Monday, November 28, 2011

Why is it important for Godot never to appear in Waiting for Godot?

It is important for Godot not to arrive. This important absence might be interpreted in thousands of ways depending on what one considers to be the real identity of Godot in Beckett's play. Godot is everything and nothing at the same time, a sacred all powerful absence as a force of life--a God, a dictator, the significance of life, a mother/father figure, order, beauty, love, the object cause of desire and so on.


The importance of Godot's non-arrival can be seen in a positive way as the dictatorial centre of power seems to be exposed in all its absence. It is an unacknowledged political lack in the master. This decentring may be seen as liberative as in Tagore's plays. The absence may also be positive if we read Godot as a meta-narrative that answers all questions. Its non-arrival enables Didi and Gogo to be more individualistic, more egalitarian and work with their apparently meaningless micro-narratives of action.

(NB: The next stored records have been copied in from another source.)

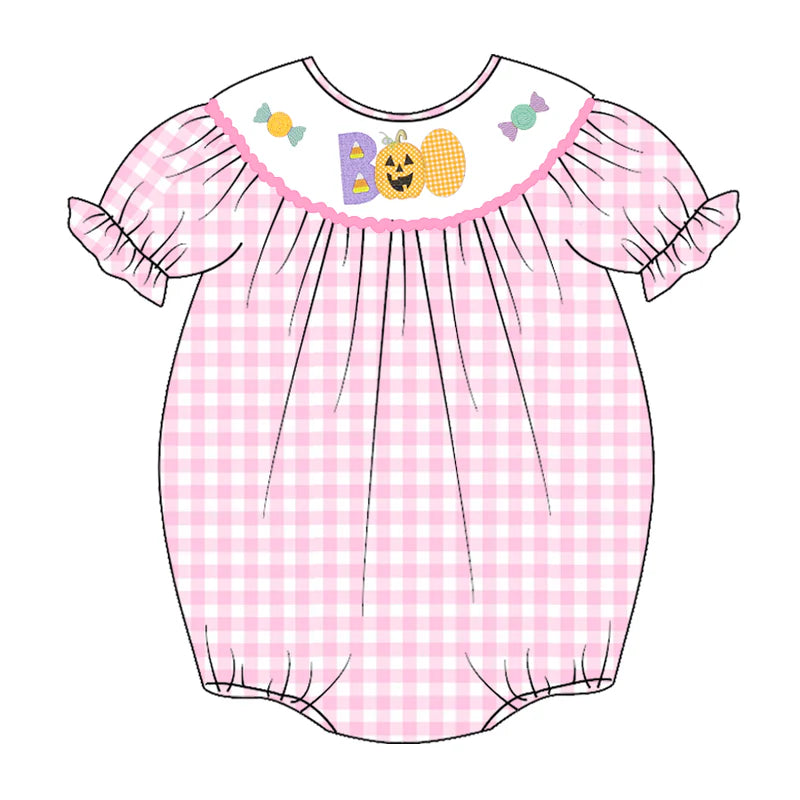 Baby Girls Halloween Pink Plaid Smocked Embroidery Bubbles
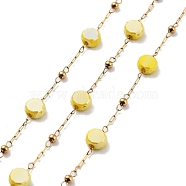 304 Stainless Steel Handmade Beaded Chain, with Electroplated Glass, with Spool, Soldered, Real 18K Gold Plated, Flat Round, Yellow, 5.5x5.5x3.5mm, about 16.40 Feet(5m)/Roll(CHS-K019-03G-04)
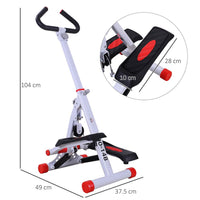 HOMCOM Foldable Stepper Adjustable Step Machine with Handlebar LCD Display Red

The failure of Godot in arriving may connote a dark vision of a hyper-real world where real signification has been complicated beyond existence, with the world turning complexly meaningless. It is the Derridean meaning--always deferred or the absurdist meaning--beyond the tentacles of logic.


Godot failing to arrive is as important as the fact that they still wait for him till eternity. This is the story of human courage, moving on in the void, working the way through the most restrictive of situations. That is Beckett's leason I think. One must go on, even as he knows he cannot go on.